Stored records

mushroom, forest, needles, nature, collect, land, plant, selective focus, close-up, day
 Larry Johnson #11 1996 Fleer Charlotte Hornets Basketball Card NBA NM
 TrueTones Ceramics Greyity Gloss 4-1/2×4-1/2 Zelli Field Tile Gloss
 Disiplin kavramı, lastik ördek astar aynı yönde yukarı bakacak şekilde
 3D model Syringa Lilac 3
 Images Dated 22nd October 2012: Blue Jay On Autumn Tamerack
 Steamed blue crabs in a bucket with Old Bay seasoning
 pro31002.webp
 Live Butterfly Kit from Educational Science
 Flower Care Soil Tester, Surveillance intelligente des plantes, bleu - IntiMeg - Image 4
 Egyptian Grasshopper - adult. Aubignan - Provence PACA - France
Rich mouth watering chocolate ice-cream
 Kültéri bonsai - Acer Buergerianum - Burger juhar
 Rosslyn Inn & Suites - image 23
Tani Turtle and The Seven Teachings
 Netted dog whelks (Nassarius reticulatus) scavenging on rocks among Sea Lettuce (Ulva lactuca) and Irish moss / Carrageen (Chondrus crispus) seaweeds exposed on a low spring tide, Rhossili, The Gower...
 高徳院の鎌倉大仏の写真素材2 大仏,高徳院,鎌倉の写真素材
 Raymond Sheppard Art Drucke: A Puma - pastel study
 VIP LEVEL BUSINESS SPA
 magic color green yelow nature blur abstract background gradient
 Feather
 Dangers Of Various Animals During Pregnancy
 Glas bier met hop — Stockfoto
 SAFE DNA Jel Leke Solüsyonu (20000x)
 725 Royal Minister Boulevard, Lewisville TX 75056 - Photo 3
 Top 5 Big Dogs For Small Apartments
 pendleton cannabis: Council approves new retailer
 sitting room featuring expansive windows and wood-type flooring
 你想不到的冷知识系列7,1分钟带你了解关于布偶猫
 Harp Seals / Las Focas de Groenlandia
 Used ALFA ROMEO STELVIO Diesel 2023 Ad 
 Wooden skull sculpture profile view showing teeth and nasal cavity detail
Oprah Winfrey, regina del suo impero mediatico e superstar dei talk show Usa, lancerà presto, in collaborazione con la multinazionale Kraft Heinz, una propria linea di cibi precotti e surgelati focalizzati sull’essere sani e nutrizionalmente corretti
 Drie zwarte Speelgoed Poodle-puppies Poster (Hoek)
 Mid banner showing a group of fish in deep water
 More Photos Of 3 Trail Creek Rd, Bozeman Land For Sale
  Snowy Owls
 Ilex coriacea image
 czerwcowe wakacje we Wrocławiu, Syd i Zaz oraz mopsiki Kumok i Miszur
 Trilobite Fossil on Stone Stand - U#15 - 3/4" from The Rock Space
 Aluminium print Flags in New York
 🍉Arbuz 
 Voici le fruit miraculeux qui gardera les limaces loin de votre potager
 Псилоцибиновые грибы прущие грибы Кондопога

- What this task involves: Return every line above exactly.

- Task result:
mushroom, forest, needles, nature, collect, land, plant, selective focus, close-up, day
 Larry Johnson #11 1996 Fleer Charlotte Hornets Basketball Card NBA NM
 TrueTones Ceramics Greyity Gloss 4-1/2×4-1/2 Zelli Field Tile Gloss
 Disiplin kavramı, lastik ördek astar aynı yönde yukarı bakacak şekilde
 3D model Syringa Lilac 3
 Images Dated 22nd October 2012: Blue Jay On Autumn Tamerack
 Steamed blue crabs in a bucket with Old Bay seasoning
 pro31002.webp
 Live Butterfly Kit from Educational Science
 Flower Care Soil Tester, Surveillance intelligente des plantes, bleu - IntiMeg - Image 4
 Egyptian Grasshopper - adult. Aubignan - Provence PACA - France
Rich mouth watering chocolate ice-cream
 Kültéri bonsai - Acer Buergerianum - Burger juhar
 Rosslyn Inn & Suites - image 23
Tani Turtle and The Seven Teachings
 Netted dog whelks (Nassarius reticulatus) scavenging on rocks among Sea Lettuce (Ulva lactuca) and Irish moss / Carrageen (Chondrus crispus) seaweeds exposed on a low spring tide, Rhossili, The Gower...
 高徳院の鎌倉大仏の写真素材2 大仏,高徳院,鎌倉の写真素材
 Raymond Sheppard Art Drucke: A Puma - pastel study
 VIP LEVEL BUSINESS SPA
 magic color green yelow nature blur abstract background gradient
 Feather
 Dangers Of Various Animals During Pregnancy
 Glas bier met hop — Stockfoto
 SAFE DNA Jel Leke Solüsyonu (20000x)
 725 Royal Minister Boulevard, Lewisville TX 75056 - Photo 3
 Top 5 Big Dogs For Small Apartments
 pendleton cannabis: Council approves new retailer
 sitting room featuring expansive windows and wood-type flooring
 你想不到的冷知识系列7,1分钟带你了解关于布偶猫
 Harp Seals / Las Focas de Groenlandia
 Used ALFA ROMEO STELVIO Diesel 2023 Ad 
 Wooden skull sculpture profile view showing teeth and nasal cavity detail
Oprah Winfrey, regina del suo impero mediatico e superstar dei talk show Usa, lancerà presto, in collaborazione con la multinazionale Kraft Heinz, una propria linea di cibi precotti e surgelati focalizzati sull’essere sani e nutrizionalmente corretti
 Drie zwarte Speelgoed Poodle-puppies Poster (Hoek)
 Mid banner showing a group of fish in deep water
 More Photos Of 3 Trail Creek Rd, Bozeman Land For Sale
  Snowy Owls
 Ilex coriacea image
 czerwcowe wakacje we Wrocławiu, Syd i Zaz oraz mopsiki Kumok i Miszur
 Trilobite Fossil on Stone Stand - U#15 - 3/4" from The Rock Space
 Aluminium print Flags in New York
 🍉Arbuz 
 Voici le fruit miraculeux qui gardera les limaces loin de votre potager
 Псилоцибиновые грибы прущие грибы Кондопога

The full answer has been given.